What do you do if you have a lot of models to fit, don’t want to spend all day with your laptop as a space heater, and have access to AWS? Take it to the cloud! I’ll share my experience setting up a system to take models coded with scikit-learn and run them in a cloud computing environment. This talk will focus on training data that fit in memory and data for prediction which maybe doesn’t.
I worked as part of a team to create software which moves data to and from scikit-learn models running in AWS’s EC2 service, and my talk will highlight some of the challenges we faced and the solutions we came up with. This project is possible because scikit-learn has a standardized API for all model types. No matter what algorithm you’re using, it has the same methods with the same arguments as any other algorithm.
Data start and end either as tables in AWS’s Redshift (a postgres database) or CSVs stored in AWS’s S3 (a key-value store). The training data need to fit in memory, but we can make predictions on arbitrarily-large Redshift tables in roughly constant time, given a large enough pool of EC2 instances. The software and execution environment are packaged into Docker containers for reproducibility and speed in setting up on new EC2 instances.

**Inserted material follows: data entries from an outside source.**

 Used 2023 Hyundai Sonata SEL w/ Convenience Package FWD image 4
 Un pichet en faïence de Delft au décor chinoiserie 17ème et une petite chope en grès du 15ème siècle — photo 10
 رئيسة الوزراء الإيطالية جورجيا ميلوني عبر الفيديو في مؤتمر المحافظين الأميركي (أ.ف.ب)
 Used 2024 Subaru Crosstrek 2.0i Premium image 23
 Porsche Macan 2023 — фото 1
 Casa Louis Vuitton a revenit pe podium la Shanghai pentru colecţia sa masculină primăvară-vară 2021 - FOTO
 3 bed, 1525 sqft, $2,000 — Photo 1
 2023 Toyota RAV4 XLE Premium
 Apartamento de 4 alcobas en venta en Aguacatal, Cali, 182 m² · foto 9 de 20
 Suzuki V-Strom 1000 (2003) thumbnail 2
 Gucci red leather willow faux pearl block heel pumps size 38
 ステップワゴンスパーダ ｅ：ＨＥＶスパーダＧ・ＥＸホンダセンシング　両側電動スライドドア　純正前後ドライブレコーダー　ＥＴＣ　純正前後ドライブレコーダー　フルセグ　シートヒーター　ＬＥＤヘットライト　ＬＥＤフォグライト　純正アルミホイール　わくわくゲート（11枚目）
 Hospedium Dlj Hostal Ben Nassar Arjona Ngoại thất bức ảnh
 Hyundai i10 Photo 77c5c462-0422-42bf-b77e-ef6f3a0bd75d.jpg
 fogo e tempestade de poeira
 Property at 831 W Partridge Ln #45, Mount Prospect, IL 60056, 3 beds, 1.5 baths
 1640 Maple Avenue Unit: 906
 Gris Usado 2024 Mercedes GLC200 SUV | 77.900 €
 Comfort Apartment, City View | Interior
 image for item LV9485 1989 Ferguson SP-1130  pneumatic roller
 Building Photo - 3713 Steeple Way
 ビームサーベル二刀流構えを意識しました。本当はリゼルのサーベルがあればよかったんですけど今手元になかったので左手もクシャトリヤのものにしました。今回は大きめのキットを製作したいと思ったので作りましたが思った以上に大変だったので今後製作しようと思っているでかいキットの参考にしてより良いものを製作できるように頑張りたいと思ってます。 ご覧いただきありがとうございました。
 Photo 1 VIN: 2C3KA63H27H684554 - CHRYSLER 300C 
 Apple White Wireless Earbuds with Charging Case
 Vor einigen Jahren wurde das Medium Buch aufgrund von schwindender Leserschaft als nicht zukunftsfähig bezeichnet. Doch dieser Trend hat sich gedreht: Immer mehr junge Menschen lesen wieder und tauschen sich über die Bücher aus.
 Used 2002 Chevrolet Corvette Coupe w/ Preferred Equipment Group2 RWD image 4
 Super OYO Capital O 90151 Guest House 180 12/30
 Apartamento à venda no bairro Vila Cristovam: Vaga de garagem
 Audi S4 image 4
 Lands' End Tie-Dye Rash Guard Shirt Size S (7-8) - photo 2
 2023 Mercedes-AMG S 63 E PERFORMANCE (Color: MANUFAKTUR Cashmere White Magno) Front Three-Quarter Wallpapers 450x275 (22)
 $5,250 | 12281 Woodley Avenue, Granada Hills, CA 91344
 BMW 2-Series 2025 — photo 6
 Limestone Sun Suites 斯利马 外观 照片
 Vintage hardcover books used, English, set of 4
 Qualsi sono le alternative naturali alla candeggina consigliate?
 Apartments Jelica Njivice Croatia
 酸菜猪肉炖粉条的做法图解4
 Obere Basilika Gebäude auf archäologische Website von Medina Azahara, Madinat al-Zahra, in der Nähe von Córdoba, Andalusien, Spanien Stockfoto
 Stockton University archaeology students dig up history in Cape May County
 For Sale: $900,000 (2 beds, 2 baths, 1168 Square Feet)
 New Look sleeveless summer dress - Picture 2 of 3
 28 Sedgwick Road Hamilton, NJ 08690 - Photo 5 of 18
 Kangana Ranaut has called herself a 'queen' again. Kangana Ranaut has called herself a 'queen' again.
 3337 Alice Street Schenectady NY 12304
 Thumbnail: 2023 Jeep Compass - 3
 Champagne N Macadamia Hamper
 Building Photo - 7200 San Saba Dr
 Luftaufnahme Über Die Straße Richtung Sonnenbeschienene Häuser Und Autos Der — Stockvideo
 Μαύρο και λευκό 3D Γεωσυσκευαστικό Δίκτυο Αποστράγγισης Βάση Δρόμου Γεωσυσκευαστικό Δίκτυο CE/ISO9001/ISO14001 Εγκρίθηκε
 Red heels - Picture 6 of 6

The challenges on the training side are in massaging input data to match the formats which scikit-learn models expect and in storing enough metadata to ensure that we can reproduce the arrays of features at prediction time. Predictions distribute chunks of data to their own EC2 instances. I’ll show off the custom backend for the joblib library that we use to manage the remote processes for predictions.
Our software runs in Civis Analytics’s data science platform. For the application described in this talk, the platform mediates interactions with AWS services to provide security and permissioning. The principles I’ll discuss will be of general applicability to anyone interested in cloud-based production systems based on scikit-learn.